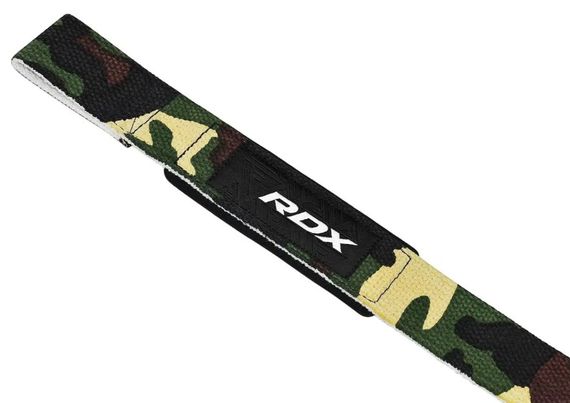 Лямки для тяги RDX W1 Gym Single Strap Camo Green Plus (WAN-W1CGN+) | Зображення 1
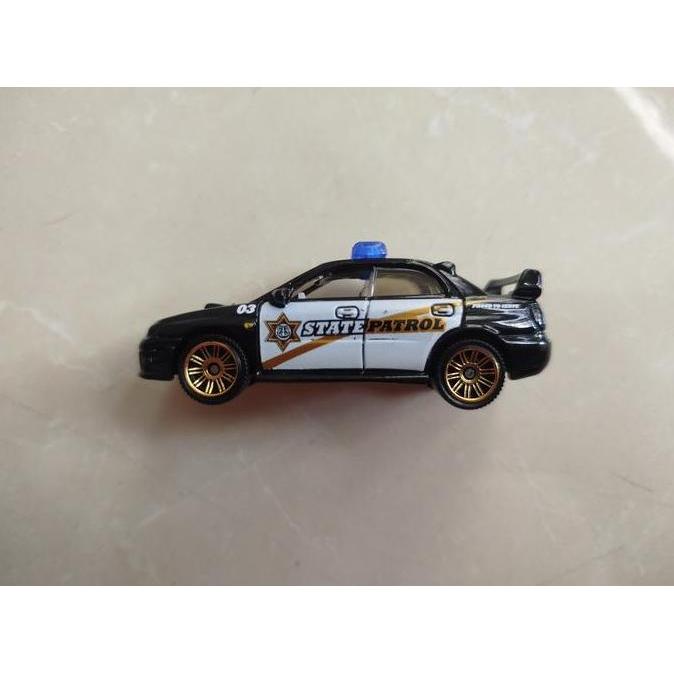 0279 ASSORTED DIECAST LOOSE : MATCHBOX - SUBARU IMPREZA POLICE. RARE MCS27
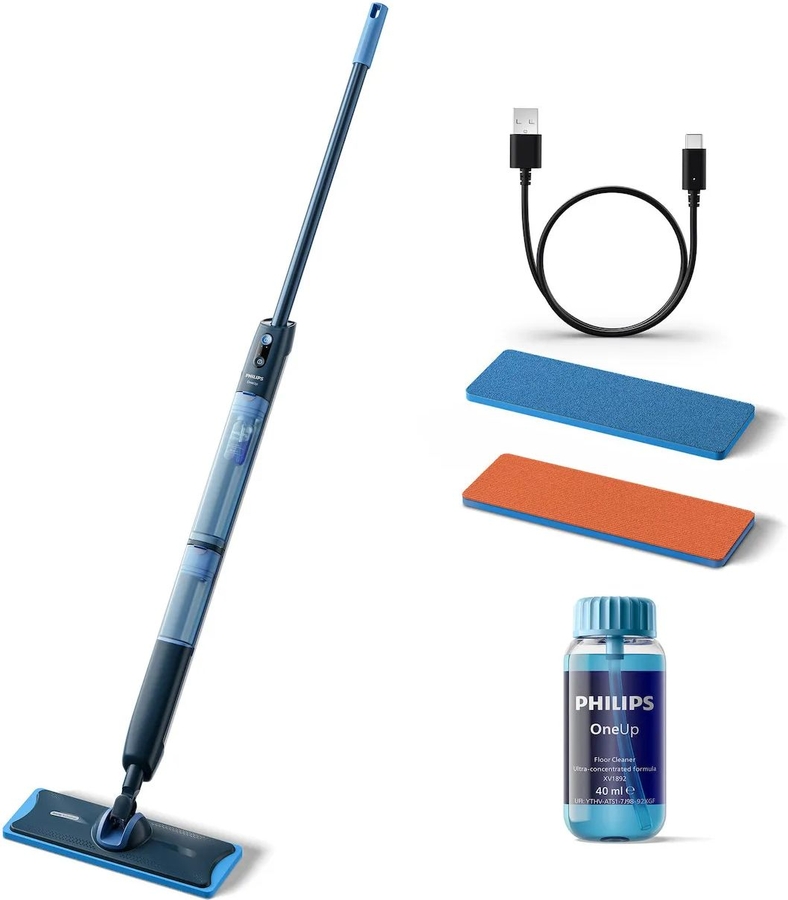 Philips XV5113/01 OneUp 5000 serie Elektrische Dweil + extra oranje dweildoek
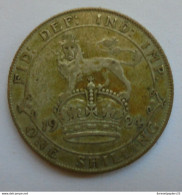 1 SHILLING 1924 Georegs V Piéce Argent - I. 1 Shilling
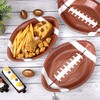 TURSTIN 50 Pieces Football Themed Disposable Paper Plates Football Party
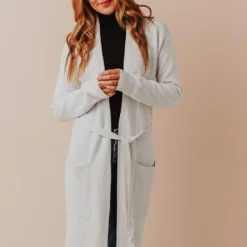 Lucy Avenue Quimby Long Knit Cardigan Tops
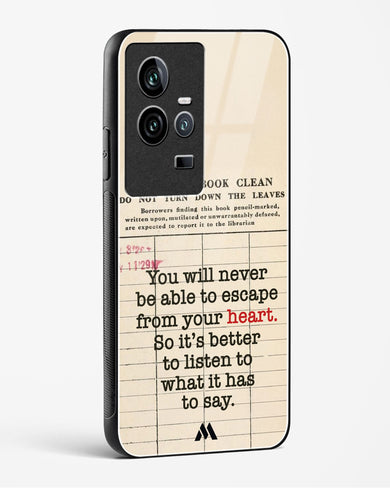 Listen to your Heart Glass Case Phone Cover (Vivo)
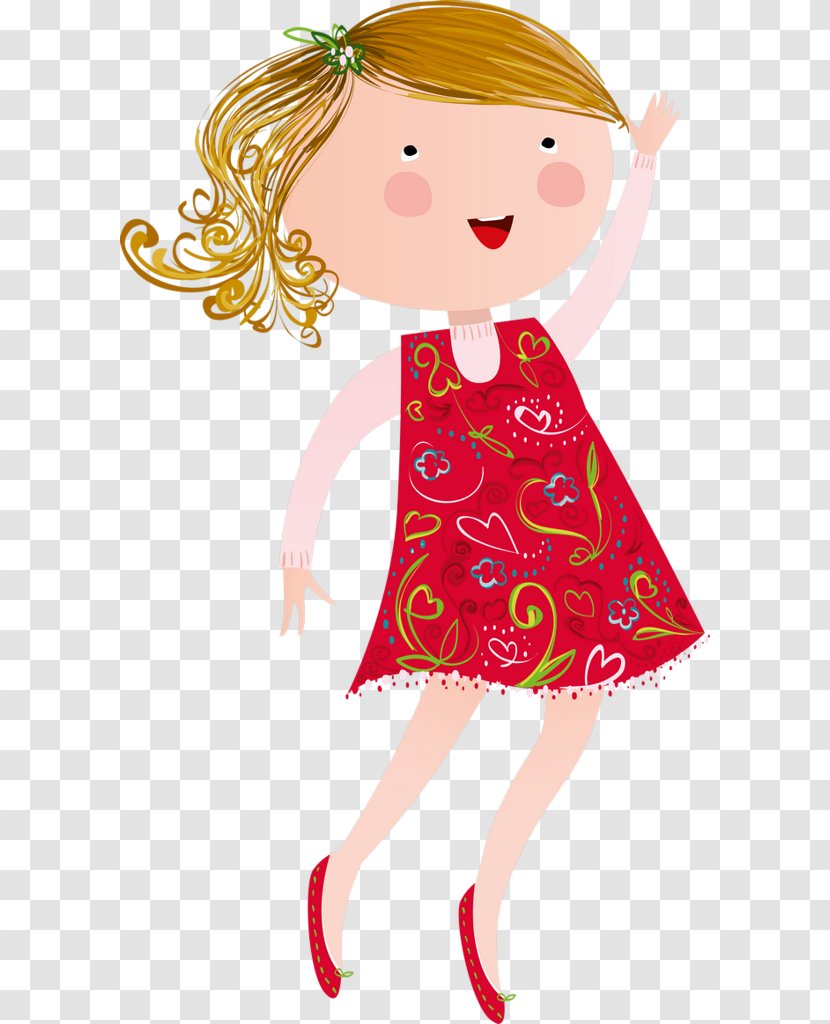 Woman Icon - Cartoon - Style Doll Transparent PNG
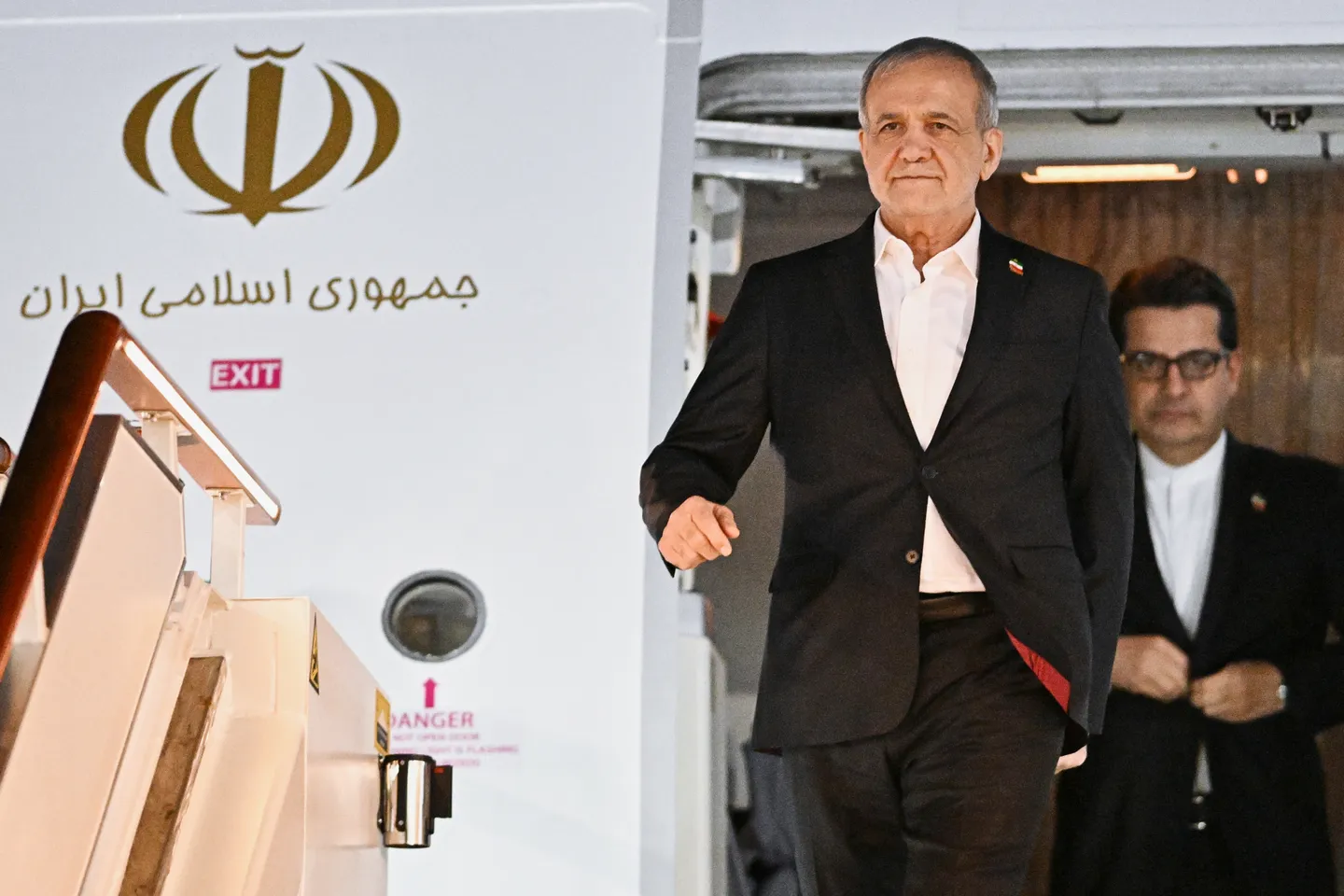Iran's Pezeshkian arrives in Russia amid prospect of renewed US strikes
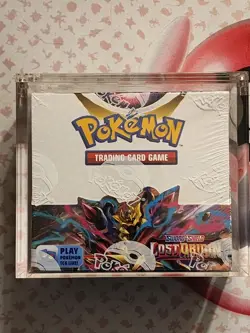 Pokemon Sword & Shield Lost Origin Booster Box W/ Acrylic!!! 820650860553 - Image 1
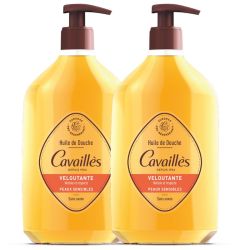 Cavaillès Huile de Douche Veloutante - 2x750ml - Nourrissante, protectrice et régénérante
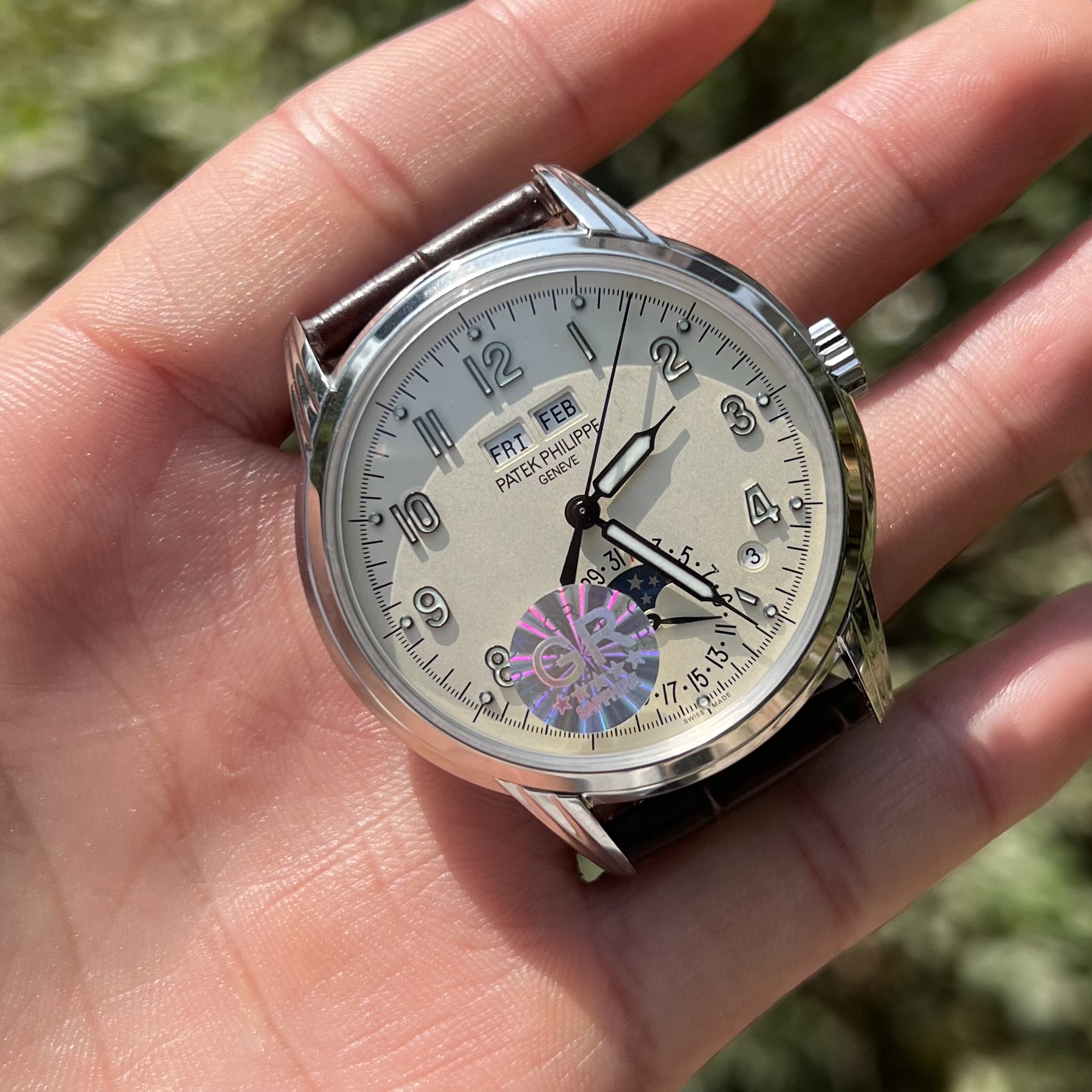 Patek Philippe Complications 5320G Replica Watch Leather Strap 40mm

* _What you should do_: Copy only the part of the records that runs from the first line to the line with "1 SHILLING 1924", ends included, leaving pictures out.

* _Solution_:
 Лямки для тяги RDX W1 Gym Single Strap Camo Green Plus (WAN-W1CGN+) | Зображення 1
 0279 ASSORTED DIECAST LOOSE : MATCHBOX - SUBARU IMPREZA POLICE. RARE MCS27
 Philips XV5113/01 OneUp 5000 serie Elektrische Dweil + extra oranje dweildoek
 1 SHILLING 1924 Georegs V Piéce Argent - I. 1 Shilling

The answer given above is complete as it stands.